The measures taken within the past decade and aimed at the modernization and quality improve­ment of higher education have already resulted in some positive outcomes. It is proved by the increased number of Russian universities presented in differ­ent world education rankings as well as by improv­ing their ranking positions in comparison with the previous ranking surveys (for more information on this topic refer to the article “Rankings: the Leadership Race” in this issue). Nowadays the Project 5-100 is initiated and being implemented in Russia; its goal is the targeted state support of the leading Russian universities’ competitiveness and their promotion in the global education area (here).

An additional way of integration of Russian higher education with international partner universities is the establishment of network universities:

  • BRICS Network University;
  • University SCO (the Shanghai Cooperation Organization);
  • the Commonwealth of Independent States Network University.

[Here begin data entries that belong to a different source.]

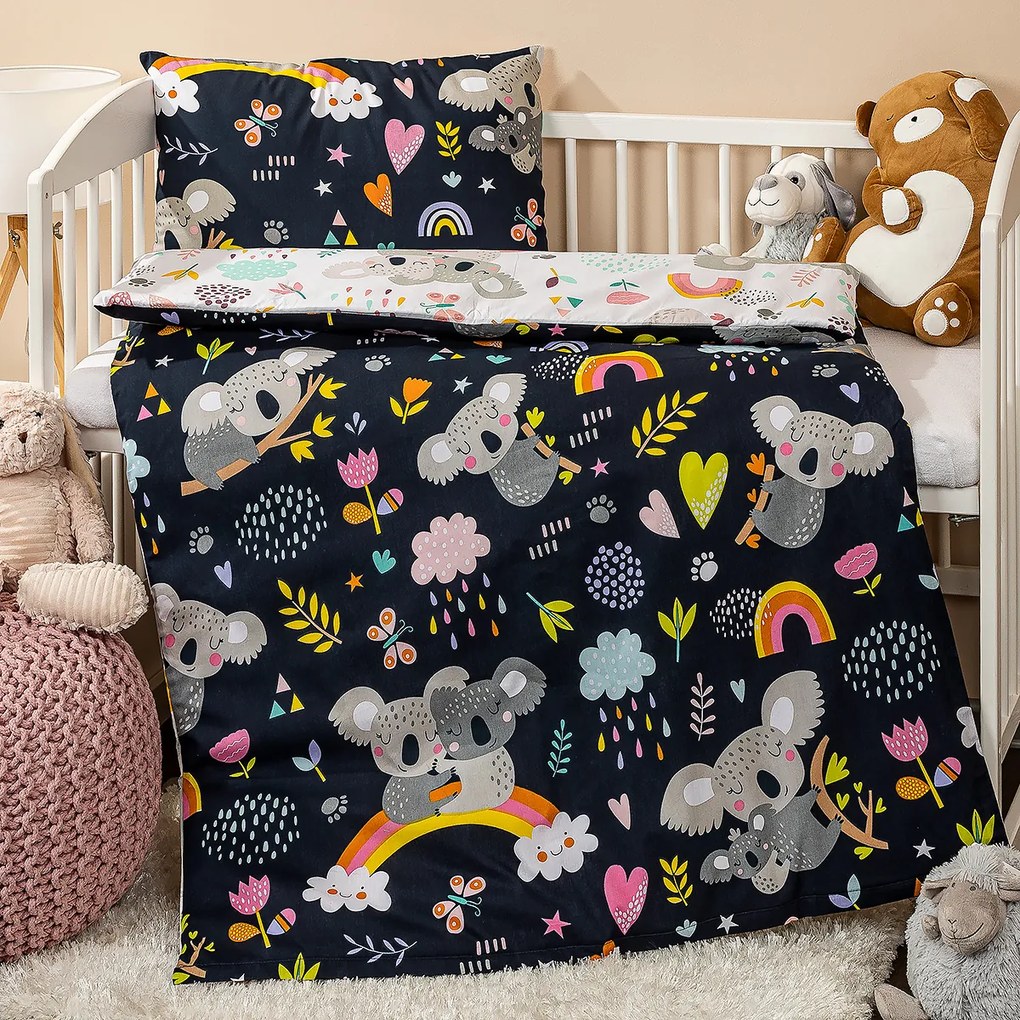 4Home gyermek pamut ágyneműhuzat kiságyba Koala rainbow, 100 x 135 cm, 40 x 60 cm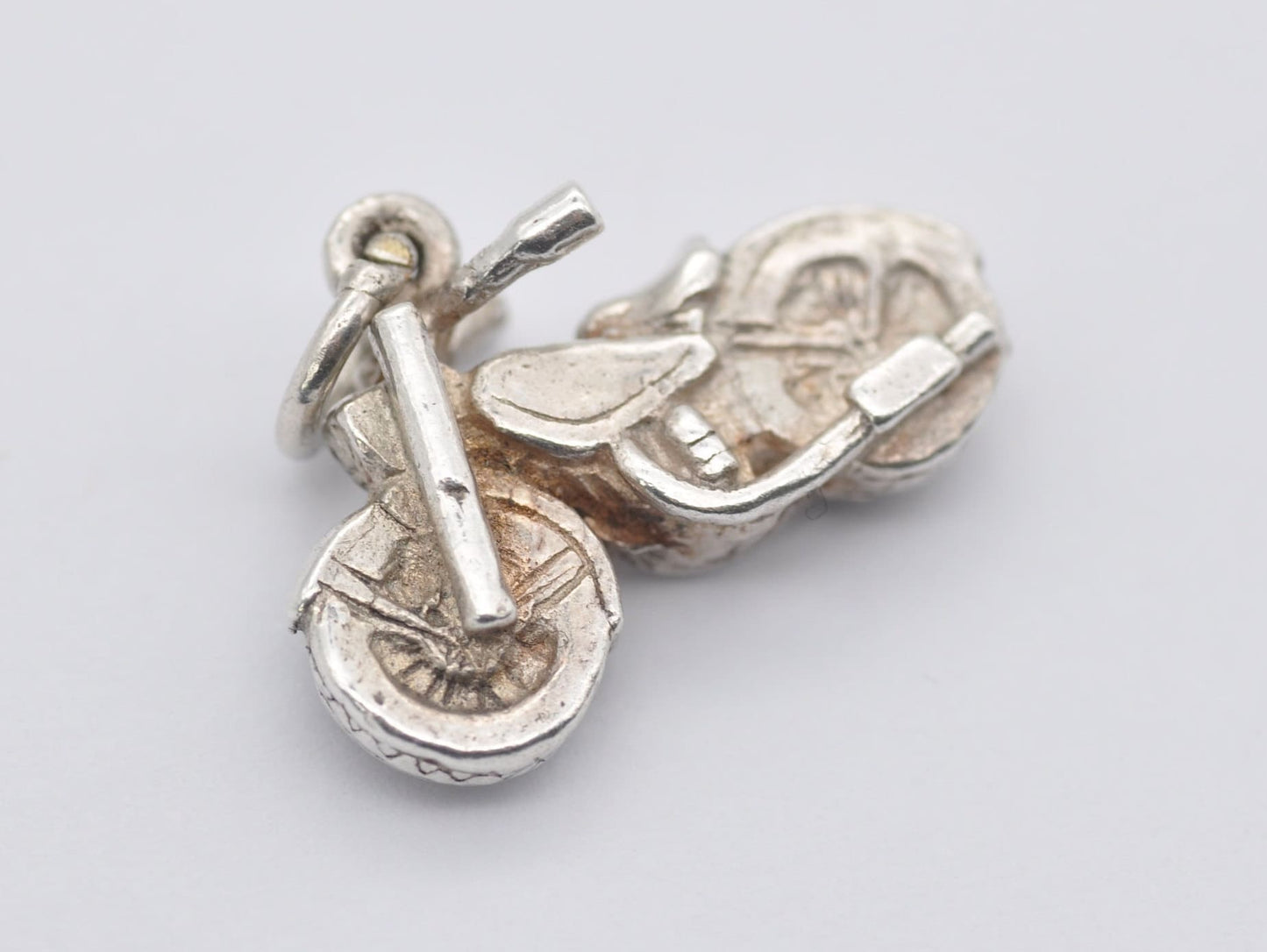 Vintage Silver Motorcycle Charm / Pendant - Harley / Motorbike / Bike / Motor / Vehicle / Travel / Charm Bracelet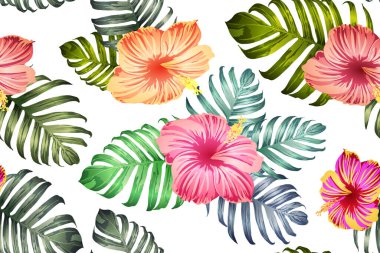 Yeşil kırmızı egzotik desen. Canavar yaprakları ve amber çiçekleri yaz baskısı. Doymuş büyük çiçekli mayo izi. Yatay Kaliforniya doğal doku tasarımı. Güzel bahar botanik tasarımı.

The significant state project promoting the integration academic processes is the Megagrant Program. The Minister of Education and Science of the RF Olga Vasilyeva called this program “Russia’s business card for international cooperation in sci­ence and technology.” The program initiated in 2010 will be in progress until 2020. Its goal is the establishment of the world-class research laborato­ries on the base of Russian universities and research centers as well as the development of advanced sci­entific schools and research teams. The objective of research laboratories is breakthrough fundamental and applied research, the outcomes of which can be used in the real economy.

Grants are awarded to those who intend to imple­ment their ideas in this country together with Russian expert teams. The grantees are leading interna­tional and Russian scientists, Russian citizens work­ing abroad at the moment. From 2010 to 2016 five Megagrant contests took place, they aroused great interest of the global research community. All in all during this time scientists from 45 countries submitted almost 3,000 applications. All the submitted projects are considered in accordance with international stan­dards. Eventually, 78 foreign and 82 Russian scientists (including 57 researchers living abroad) became the program finalists. The program winner lists include five Nobel laureates, Fields Medalists, Humboldt Prize winners, and other prestigious prize holders.

The establishment of up-to-date environment for life and professional activities as well as most favored conditions for study and research is the main ground which can make Russia a country attracting international researchers, educators, and students. Definitely, it is a large-scale task, and its solution is a long-term project by itself. Not only for selected universities, but also for

the country—soci­ety and the state—as a whole. Will Russia meet this challenge? Let statistics show.


Nowadays within the Megagrant Program 200 world-class research laboratories in the fields of machine building, space exploration, new tech­nology creation, medical product development, diagnostics and treatment, and others are estab­lished on the base of the leading Russian univer­sities and research centers.

Over 50% of laboratory staff are young researchers under 35.